On the elevator, M—stares straight ahead. Like any bully, I know that he is driven by his own insecurities, and for a minute I have some sympathy for this awkward, friendless stump, who somehow believes that chinstraps aren’t just for boy bands, and who is, after all, on his way to being out of work himself. But none of that excuses his behavior; only bullies respond to being bullied by being bullies, and all I have to do is recall the way he walked so many good people to the edge of the playground and my sympathy dies.

Ding. My floor.

“Have fun mentoring,” I say.

M—just snuff les.

The elevator doors close. Why are those snappy things I imagine myself saying so unsatisfying when I actually say them? Then, into HR where I wait in the waiting room, waiting.
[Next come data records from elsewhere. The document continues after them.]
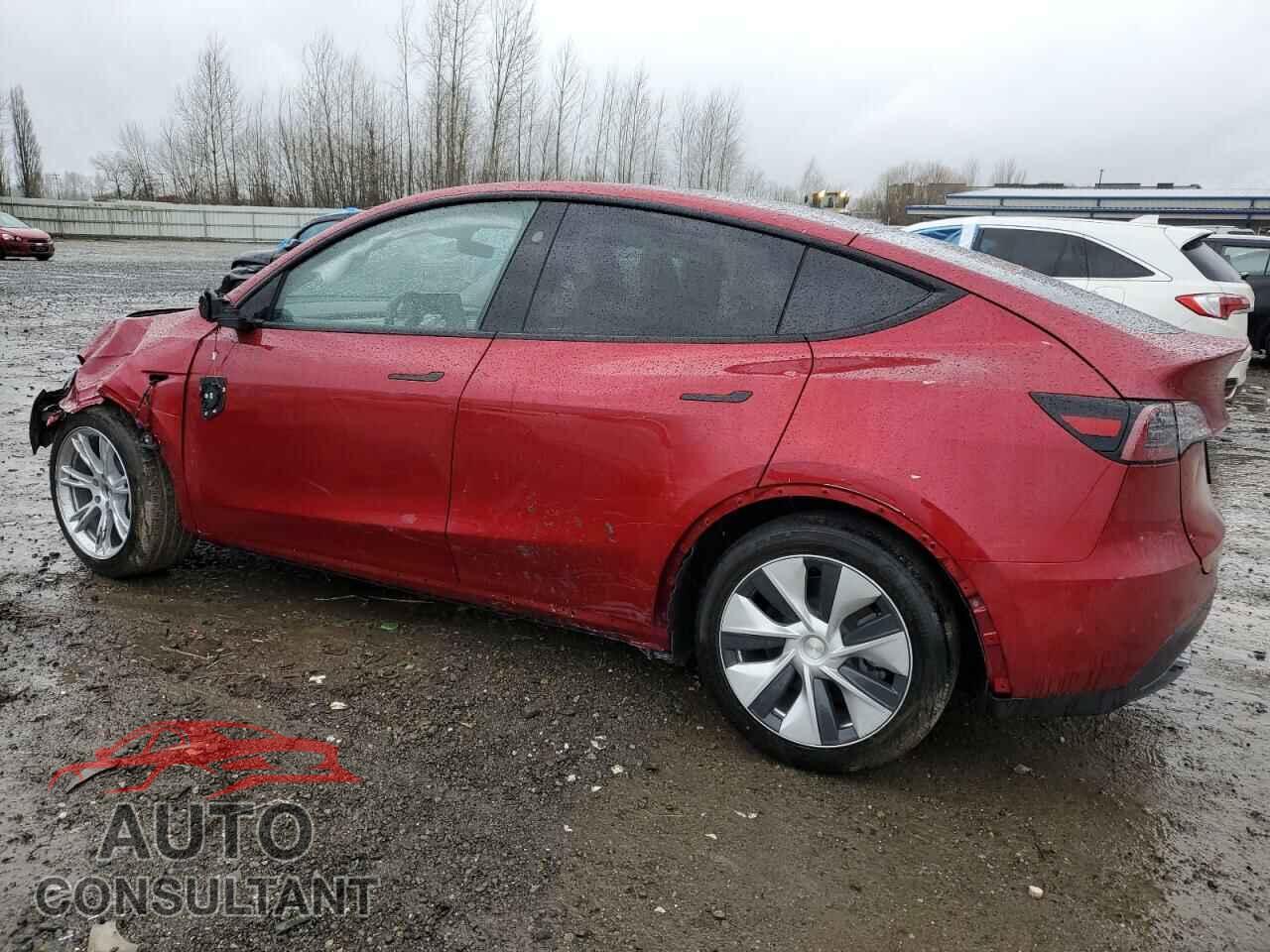TESLA MODEL Y 2024 - 7SAYGDEE5RF013886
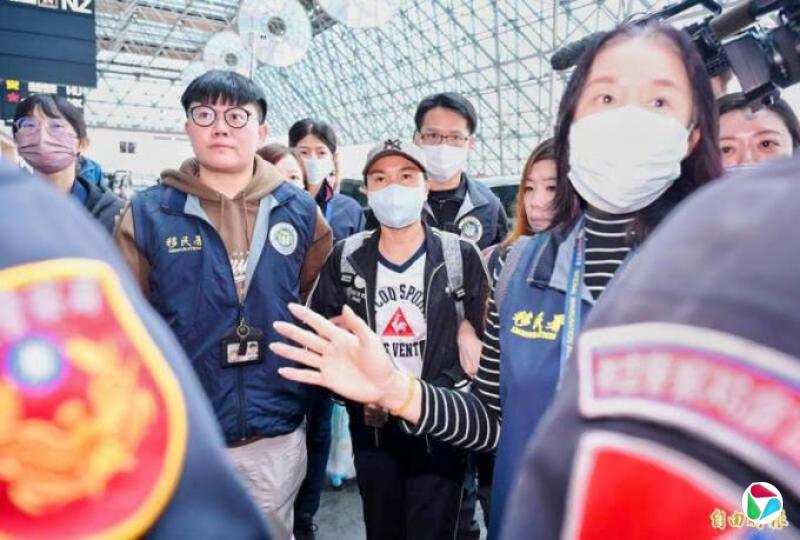 未在限期内离台 台移民署强制驱逐宣扬“武统” 陆配网红出境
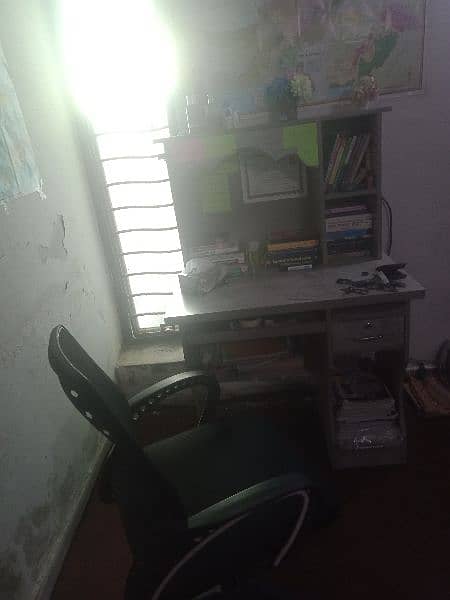 study table nd chair 1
“Matt. How are you?” asks Amber Philips. Amber was the head of the HR department for the newspaper when I worked here. Now, four rounds of layoffs later, Amber pretty much
is
the HR department. That has to suck, too, the head of HR laying off almost everyone in HR. We shake hands. Though no great beauty, Amber has that slightly-slutty business look just this side of inappropriate, her suits 0–2 fastballs—little high, little tight—her shoes a bit drastic for an office setting. (If Amber ever has to lay herself off, she could always commit suicide by jumping off those pumps.) And she’s a genuinely nice person.

Perhaps the most pathetic thing about long-married guys like me is the delusional list that each of us keeps in our heads, a list of women we think are secretly attracted to us. Amber was always at the top of my delusional list. Even now, in my beaten-down state, I can’t help but have a kind of muscle-memory that she’s crushing on me a little
(ooh, out-of-shape middle-aged unemployed guy, yum)
—an assumption for which there is absolutely no evidence.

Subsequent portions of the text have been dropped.